- Task objective
Return the lines that run from the beginning of the entries to the line holding "Hi everyone, welcome", inclusive, and drop the pictures.
╭──
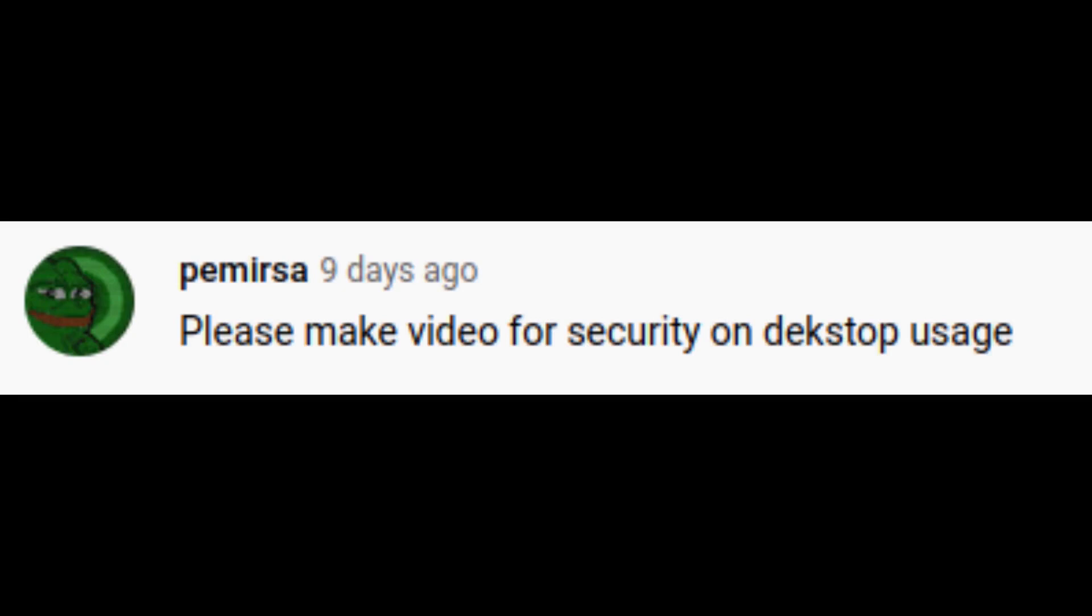I was politely asked to make a video for security on desktop usage on FreeBSD. Now this isn't a comprehensive list, there will probably be solutions and options which I haven't covered. And this really isn't for servers either. It's really just for desktop usage and how you can make your desktop a little bit more secure.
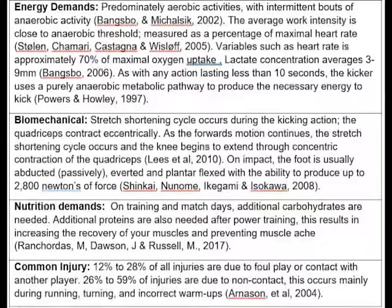Common injuries. A study in 2004 by Arneson et al. found that 12% to 28% of all injuries are due to foul play or contact with another player. 26% to 59% of injuries are due to non-contact, occurring mainly during running, turning and incorrect warm-ups. 20% to 25% of injuries are due to re-injuries of the same type and location, resulting in 9% to 34% of all injuries during the season being classified as overuse injuries.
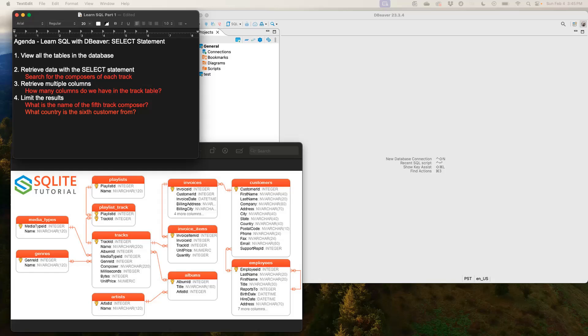Hello and welcome to another video of Etude Tutorial. In this video today we would learn how to use a software called dBeaver to do some very simple SQL exercises. In one of our previous videos we used Google Colab to run some SQL select statements and showed you how to set up SQLite on Google Colab. So this video would basically be centered on a software called dBeaver and we kind of do almost a very similar exercise like the Google Colab.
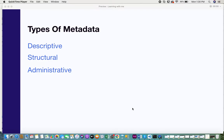Hi everyone, welcome back. In this video I'll be giving you information on the types of metadata. There are two previous videos — one was an introduction to what metadata is with examples, and the second covers examples of metadata, advantages, and use cases. This is the third video, so if you haven't seen the first two, you can click the link in the description box.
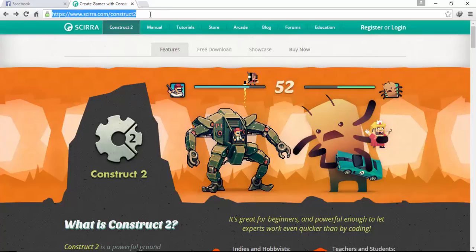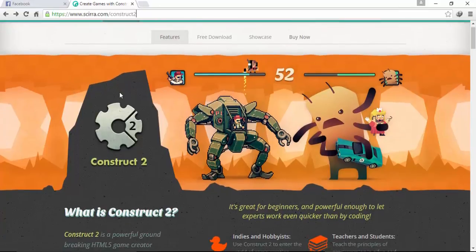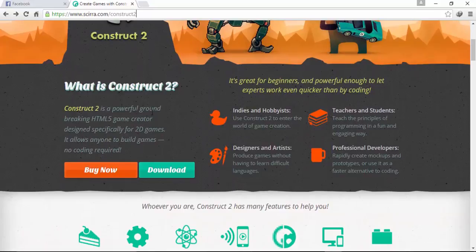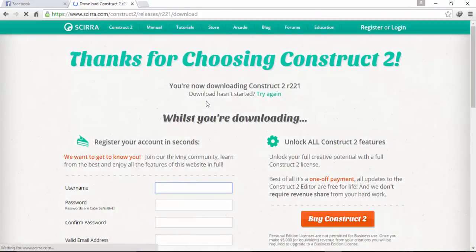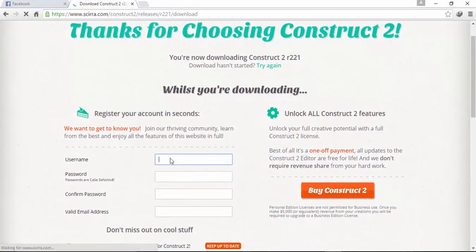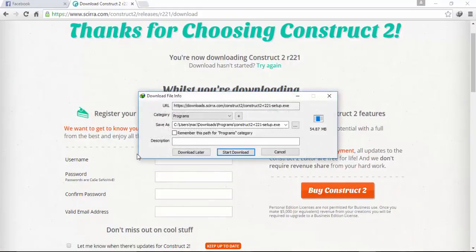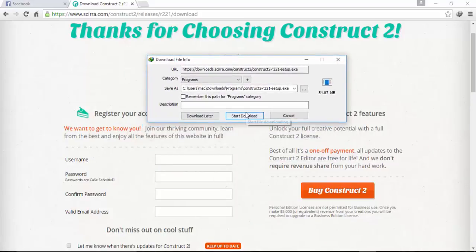To get started with Construct 2, you need to go to www.scirra.com/construct-2, scroll down the page, and click on the download button — it will automatically begin the download process. You don't need to install or provide a username or password. I have already downloaded it, so you guys go ahead and download it.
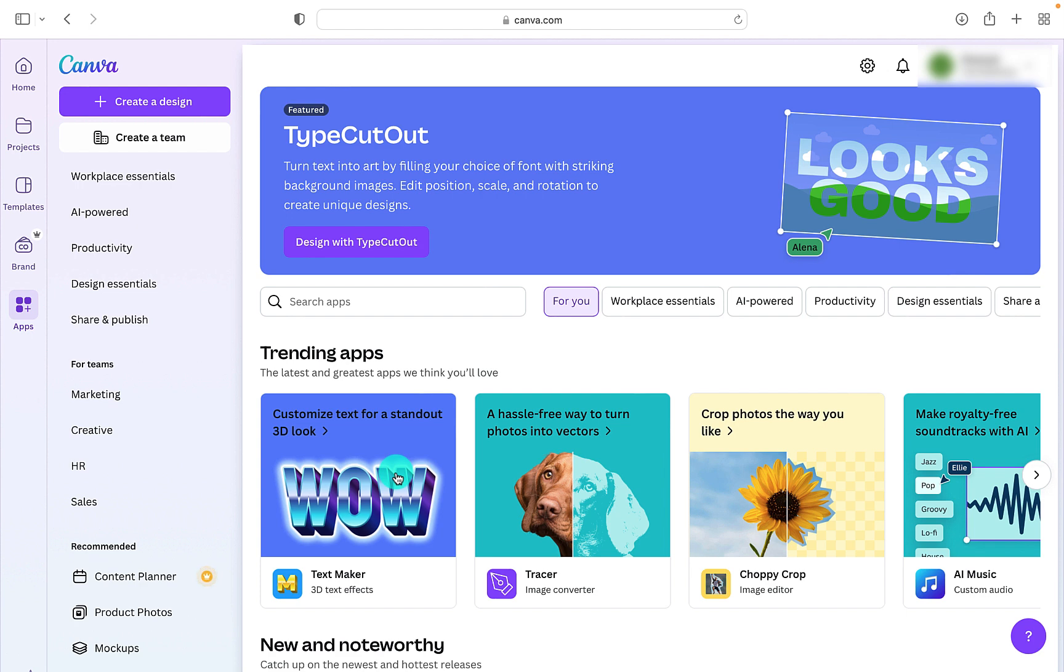Canva is a really great design program that offers lots of possibilities for making the most amazing designs for yourself or for your business. Why not sign up for a free account? You've got nothing to lose. Have a play about and see what amazing designs you can create.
╰──
- Finished task
I was politely asked to make a video for security on desktop usage on FreeBSD. Now this isn't a comprehensive list, there will probably be solutions and options which I haven't covered. And this really isn't for servers either. It's really just for desktop usage and how you can make your desktop a little bit more secure.
Common injuries. A study in 2004 by Arneson et al. found that 12% to 28% of all injuries are due to foul play or contact with another player. 26% to 59% of injuries are due to non-contact, occurring mainly during running, turning and incorrect warm-ups. 20% to 25% of injuries are due to re-injuries of the same type and location, resulting in 9% to 34% of all injuries during the season being classified as overuse injuries.
Hello and welcome to another video of Etude Tutorial. In this video today we would learn how to use a software called dBeaver to do some very simple SQL exercises. In one of our previous videos we used Google Colab to run some SQL select statements and showed you how to set up SQLite on Google Colab. So this video would basically be centered on a software called dBeaver and we kind of do almost a very similar exercise like the Google Colab.
Hi everyone, welcome back. In this video I'll be giving you information on the types of metadata. There are two previous videos — one was an introduction to what metadata is with examples, and the second covers examples of metadata, advantages, and use cases. This is the third video, so if you haven't seen the first two, you can click the link in the description box.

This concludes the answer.